Only then did he turn over his cards to show his own ace-king. It was a chopped pot. But karma was kind to Faustman: he went on to win the tournament.

Refusing to Show Your Called Winning Hand

In Season 3 of Poker After Dark, Phil Hellmuth was heads-up against Jean-Robert Bellande, 8-7 versus 9-8. After the river, the board read 6-Q-9-A-A. Hellmuth bet out $1,500 with just eight-high.

Jean Robert Bellande

Hindsight is 20/20.

After some thinking, Bellande called. Phil said, “You got it; good call,” but Bellande refused to show his hand.  So did Hellmuth.

Bellande claimed he did not have to show his, that Phil should throw his cards in the muck and Bellande take the pot without showing his hand.

Hellmuth, while acknowledging that under the rules it was his duty to turn his cards over first, said it was not a question of the rules; it was “proper poker etiquette to show your hand.”

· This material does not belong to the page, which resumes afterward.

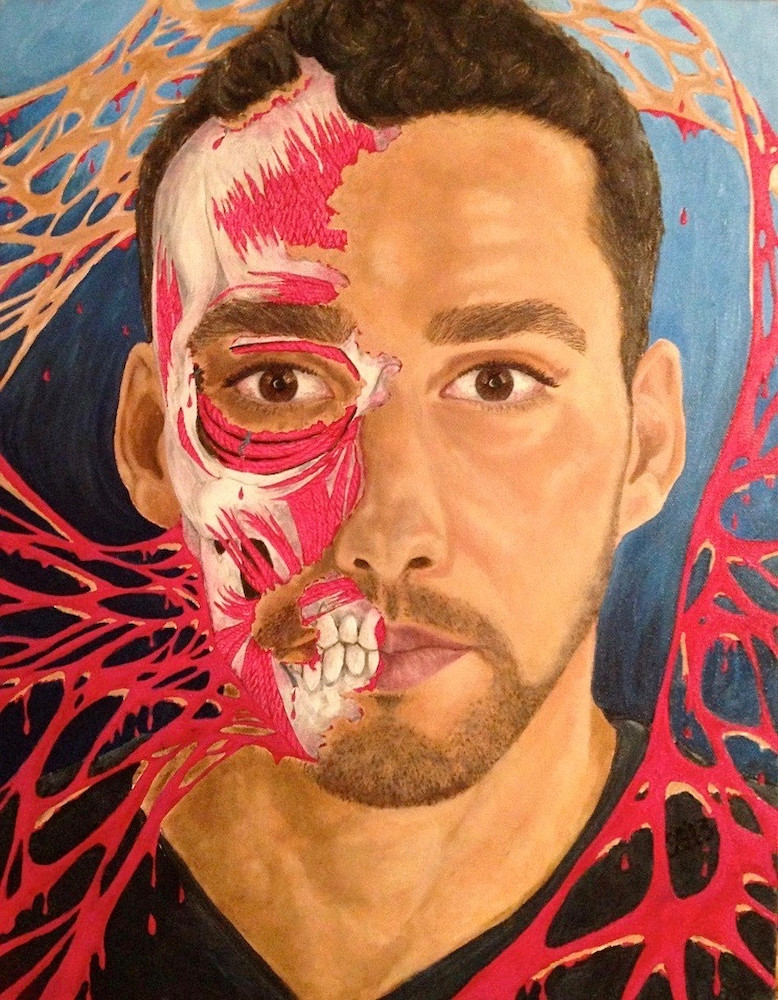 self portrait, skeleton painting, two face, melting face, facial musculoskeletal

Everyone else at the table agreed it was poor etiquette on Bellande’s part to refuse to show his winning hand simply because he did not want the other players to know what he was playing. And in the director’s cut of the show, Bellande admitted in retrospect he was probably wrong.

It is both the rule, and common courtesy: you want to take the pot on a called hand, you’re going to have to show the winner.

Timing is Everything in Poker Etiquette

Poker etiquette is not intended to take all the fun and character out of poker. Indeed, boorish behavior is sometimes an effective strategy to put a player on tilt or to get under their skin.

But there are some things that have come to be regarded as inappropriate, even in a game that relies so much on psychological warfare.